El Tribunal Supremo es consciente de que la repetición del juicio puede causar un perjuicio a las víctimas que tendrán que revivir episodios sufridos pero justifica la misma en los "principios inabdicables en favor de todo imputado". HECHOS

La Audiencia gaditana consideró probado que durante los 29 años que duró su matrimonio el agente sometió a su esposa a "una relación de control y dominación", con "bofetadas y zarandeos" y amenazas frecuentes con su arma reglamentaria "diciéndole que la iba a matar".
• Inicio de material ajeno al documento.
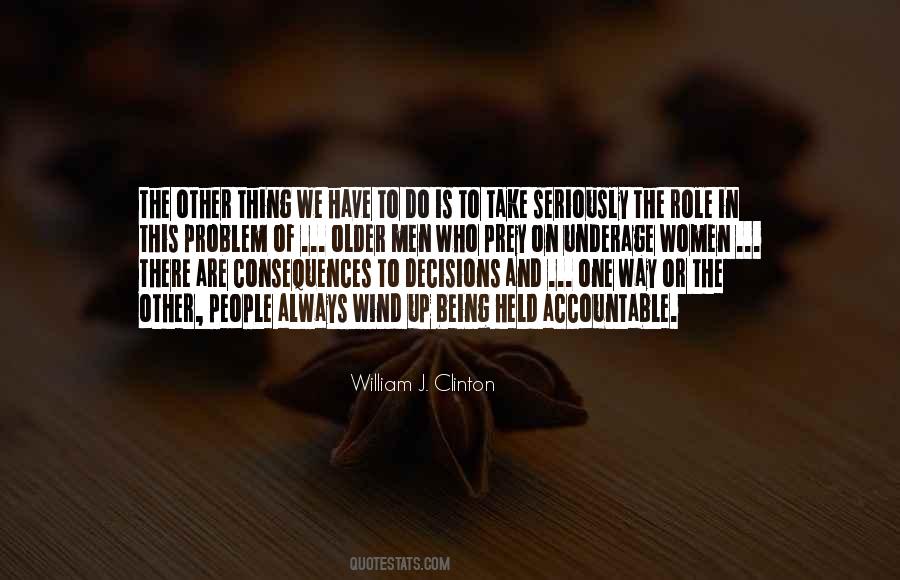 Women S Role With Men Quotes #721008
Igualmente, fue condenado porque abusó sexualmente a una de sus hijas, que, como o "mecanismo de defensa" desarrolló una anorexia nerviosa. Años más tarde continuó siendo víctima de tocamientos y abusos del progenitor, lo que la llevó a intentar suicidarse. Según la sentencia de la Audiencia Provincial, la otra hija del policía también fue víctima de abusos sexuales y tocamientos desde los cuatro años y penetraciones con objetos a partir de los 16.